◆ Task requirements
Please retype the records below exactly, leaving out any pictures.

***** Data for the task

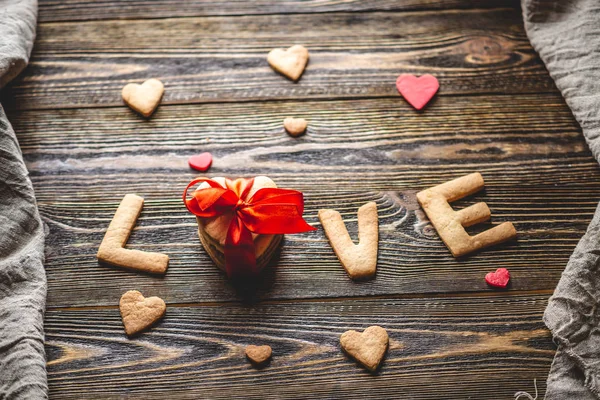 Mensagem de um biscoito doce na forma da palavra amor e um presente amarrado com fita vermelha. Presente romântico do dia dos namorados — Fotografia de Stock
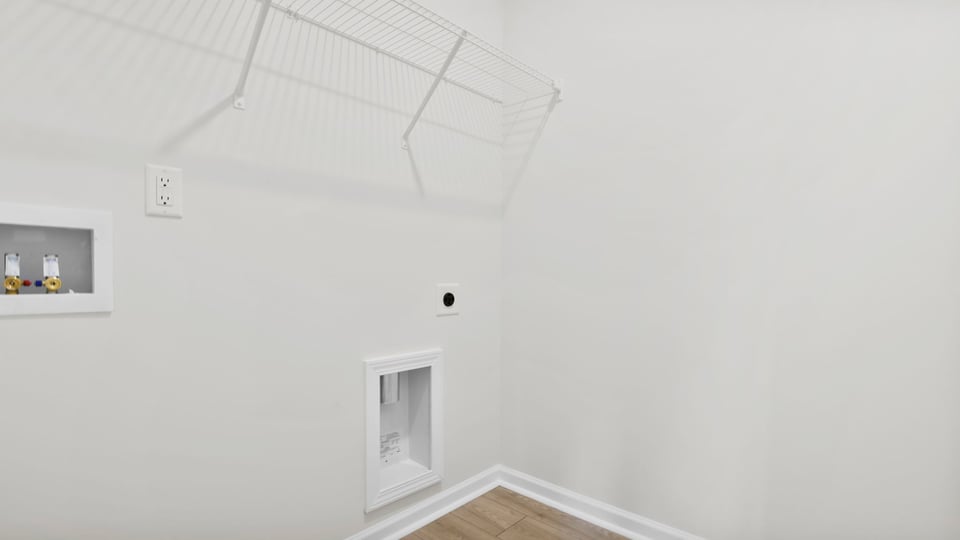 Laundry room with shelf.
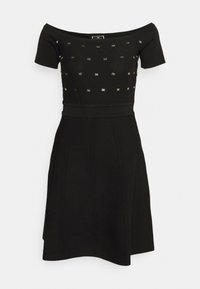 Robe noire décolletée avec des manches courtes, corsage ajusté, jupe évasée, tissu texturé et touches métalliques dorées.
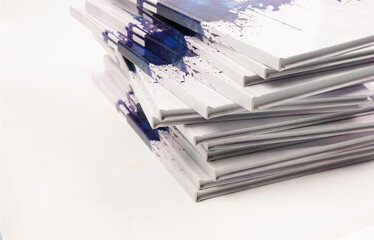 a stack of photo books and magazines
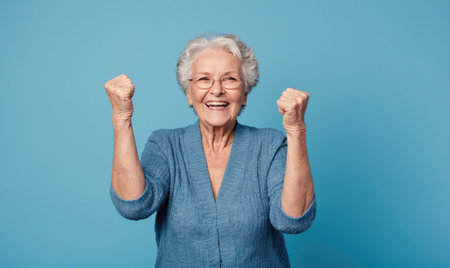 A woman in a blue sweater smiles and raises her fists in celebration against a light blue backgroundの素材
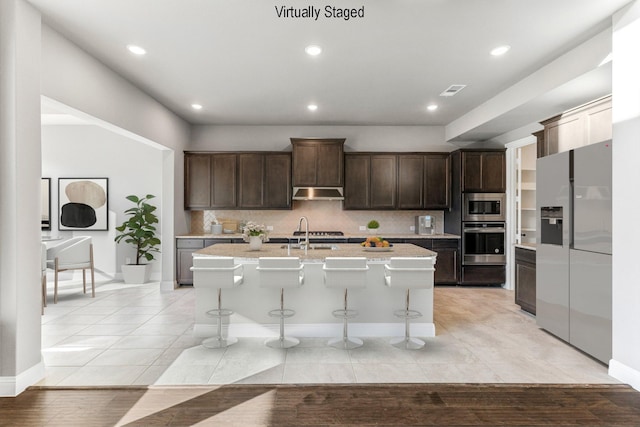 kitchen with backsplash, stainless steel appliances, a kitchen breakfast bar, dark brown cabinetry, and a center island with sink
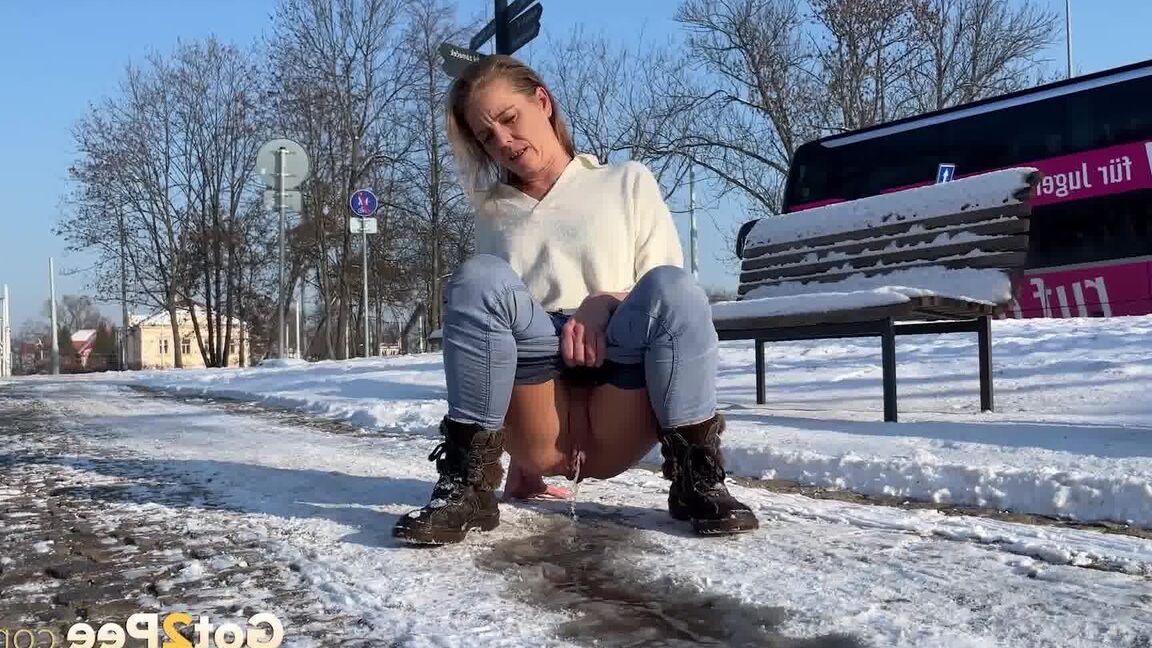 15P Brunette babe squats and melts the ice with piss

**********

◆ Exercise response
 Mensagem de um biscoito doce na forma da palavra amor e um presente amarrado com fita vermelha. Presente romântico do dia dos namorados — Fotografia de Stock
 Laundry room with shelf.
 Robe noire décolletée avec des manches courtes, corsage ajusté, jupe évasée, tissu texturé et touches métalliques dorées.
 a stack of photo books and magazines
 A woman in a blue sweater smiles and raises her fists in celebration against a light blue backgroundの素材
 kitchen with backsplash, stainless steel appliances, a kitchen breakfast bar, dark brown cabinetry, and a center island with sink
 15P Brunette babe squats and melts the ice with piss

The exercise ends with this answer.